Suelen preguntarme que he encontrado en el Perú para echar aquí raíces. Mi primera respuesta siempre es: la diversidad cultural. Esta diversidad es como estar viviendo en varios países al mismo tiempo. Y de hecho es cierto el Perú es multicultural y plurinacional.
Terminé de convencerme de esta realidad cuando desembarqué en Iquitos. Todo era tan distinto que llegó a extrañarme que no me pidieran pasaporte. Esa ciudad respira vida, más aún cuando uno viene de la asfixiante Lima.
Iquitos y su entorno de río y selva transmiten una vibrante vitalidad. Estar allí es estar enteramente allí: el clima humano, sin discursos, ni solemnidades, otorga inmediata y espontánea carta de ciudadanía.
Sus habitantes son, además, tan generosos en el trato como la naturaleza que los rodea. Y no es casualidad, ni accidente. Es pura y lógica armonía entre el ser humano y su entorno sin las distorsiones propias de las grandes urbes.
Iquitos es una prueba que se puede ser una gran ciudad sin ser una ciudad grande y sin caer en la repetida estupidez humana que procura la desmesura como forma de afirmación. Para desmesura están el Amazonas y la selva que son las desmesuras donde curiosamente uno recupera la humanidad que, a menudo, le hacen perder el estrépito, la rigidez y el anonimato al que nos obligan todos aquello que inventaron un planeta de cemento, una economía de apuros y una comunicación de plástico.
Quizás idealizo Iquitos porque vengo de Lima donde el tiempo que paso al volante lidiando con otras bestias como yo, es el mismo que emplee, en un plácido barco, para llegar a un albergue en la selva que es pura maravilla: la selva primero, naturalmente, y el albergue después como espacio para repensarla e incorporarla. La selva se siente, se ve, se huele, se toca, se oye.
La selva suena y tiene olor a vida, a gestación incesante: es una promesa de parto esperado y deseado pero sin angustias, sin estridencias, sin prisas.
Y cómo no podía ser de otro modo la ciudad, que creció en el corazón de esa unidad que integran la selva con sus ríos, esta poseída por la energía y el aliento de vida de su entorno.
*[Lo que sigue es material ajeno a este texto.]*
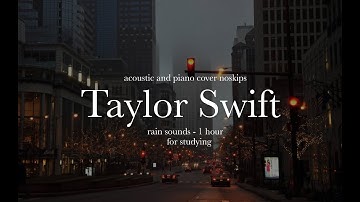 Taylor Swift Noskips ♥ | Instrumental - 2 Hours in the Rain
A la feracidad de la naturaleza la ciudad de Iquitos responde, para ser coro, para ser parte, no para disentir, con la riqueza de la creación cultural humana.
Me sorprendió, además, el dinamismo sonriente y sin estrés con el que se trabaja, el interesante nivel de su desenfadado periodismo y la persistente labor de algunas organizaciones locales en defensa de un estilo de vida del que tenemos mucho que aprender.